Darryl Rich is an SC grad...tho we tore him a nice one 2 years ago.. 60 DOPs ganged up on him.....poor guy.

JC surveyors have been easy on ER ....but the last PPR, we got an RFI on ED... with 200 visits per day, there is no way the LIP is "present" on all meds dispensed. Again, it's an unreasonable mandate...especially when the hospital pharmacy isn't 24/7. It's also very difficult for larger hospitals with 300 visits to the ER per day...

Newer EDs are being designed in "pods" in large hospitals so the LIP is really "present" for each patient. Poor Darryl - he did not define "presence" - like in touching the sheets.

Now - the bedside might be 20 feet away - but not "outside" the room as in the old fashioned EDs...

Interesting way to get around the issue - particularly when CA hospitals have to be remodeled by 2013 (it used to be 2008, but was extended I think) to get around the earthquake safety standards.

Ultimately cheaper - to spend the $$ on capital improvements to keep the LIP nearby rather than commit to an often unnecessary labor committment.

As a pharmacist, this along with med rec is one of the more ridiculous & embarrassing pharmacist instigated rules JC has made!

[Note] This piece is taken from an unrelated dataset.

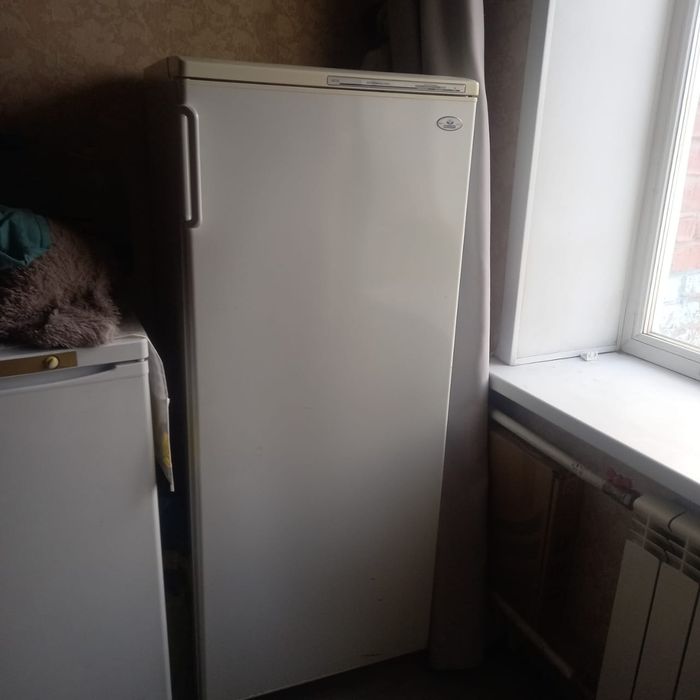 Продам морозильную камеру Атлант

I'm fully in favor of pharmacists being an integral person in the hospital, but really, I don't need to prospectively give the OK for the 86 yo F with a broken hip to get her 4mg MS prior to transport to the floor.
 
.

As a pharmacist, this along with med rec is one of the more ridiculous & embarrassing pharmacist instigated rules JC has made!

I'm fully in favor of pharmacists being an integral person in the hospital, but really, I don't need to prospectively give the OK for the 86 yo F with a broken hip to get her 4mg MS prior to transport to the floor.

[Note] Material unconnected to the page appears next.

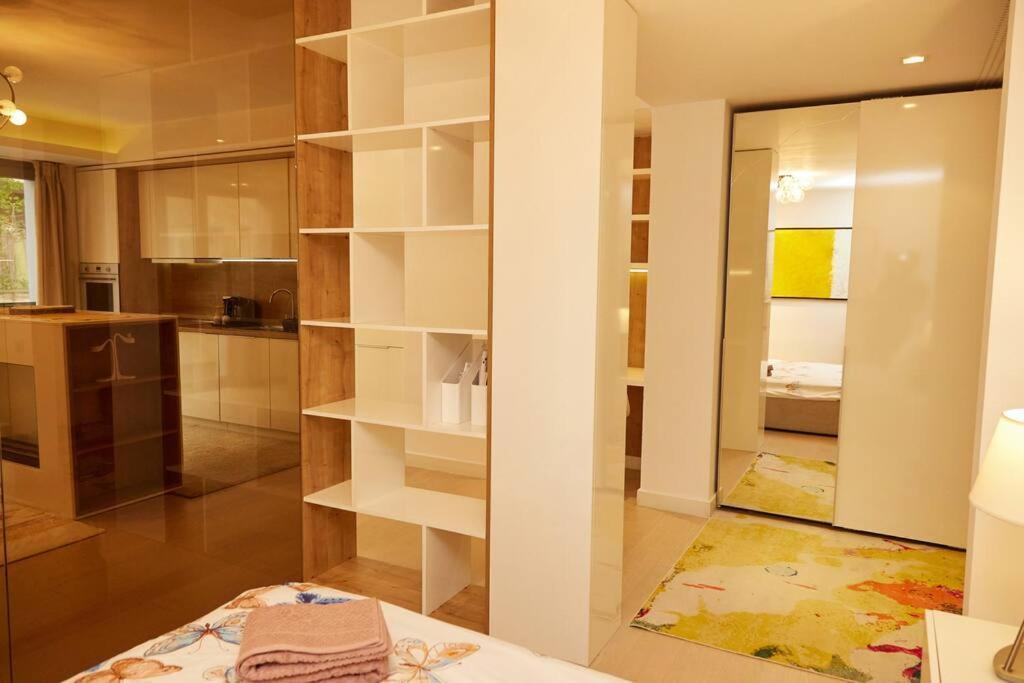 Vernescu Luxury Residence 2 Bucarest Esterno foto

i second that, sdn....and if we have to prospectively ok the 4mg of MS [unacceptable abbreviation😉], how come we don't have to prospectively ok it at the pre-hospital level? or, are we going to have to ride with the paramedics next? the JC needs to get a little bit of a clue.
 
i second that, sdn....and if we have to prospectively ok the 4mg of MS [unacceptable abbreviation😉], how come we don't have to prospectively ok it at the pre-hospital level? or, are we going to have to ride with the paramedics next? the JC needs to get a little bit of a clue.

👍
 
How would you like to ID a candida in 2.5 hours? I have a meeting next week to learn about this....could be worth millions in savings in Echinocandin use..

Please let me know how this meeting goes and your thoughts on the product offered....either on here or PM.